-- AIM OF THE EXERCISE --
Please copy all of the data that follows exactly, leaving any pictures out.

Start of DATASET CONTENT

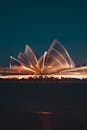 悉尼歌剧院的艺术夜景具有长时间曝光的灯光绘画效果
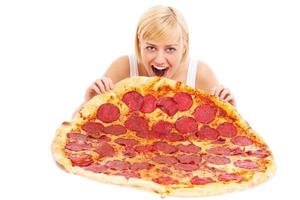 kvinna äter enorm pizza foto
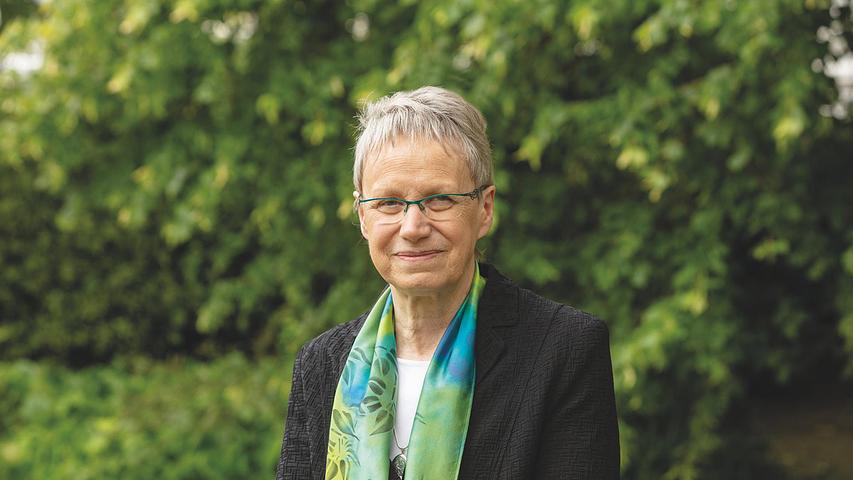 Professor Dame Judith Petts DBE retires as Vice-Chancellor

End of DATASET CONTENT

-- EXERCISE RESPONSE --
 悉尼歌剧院的艺术夜景具有长时间曝光的灯光绘画效果
 kvinna äter enorm pizza foto
 Professor Dame Judith Petts DBE retires as Vice-Chancellor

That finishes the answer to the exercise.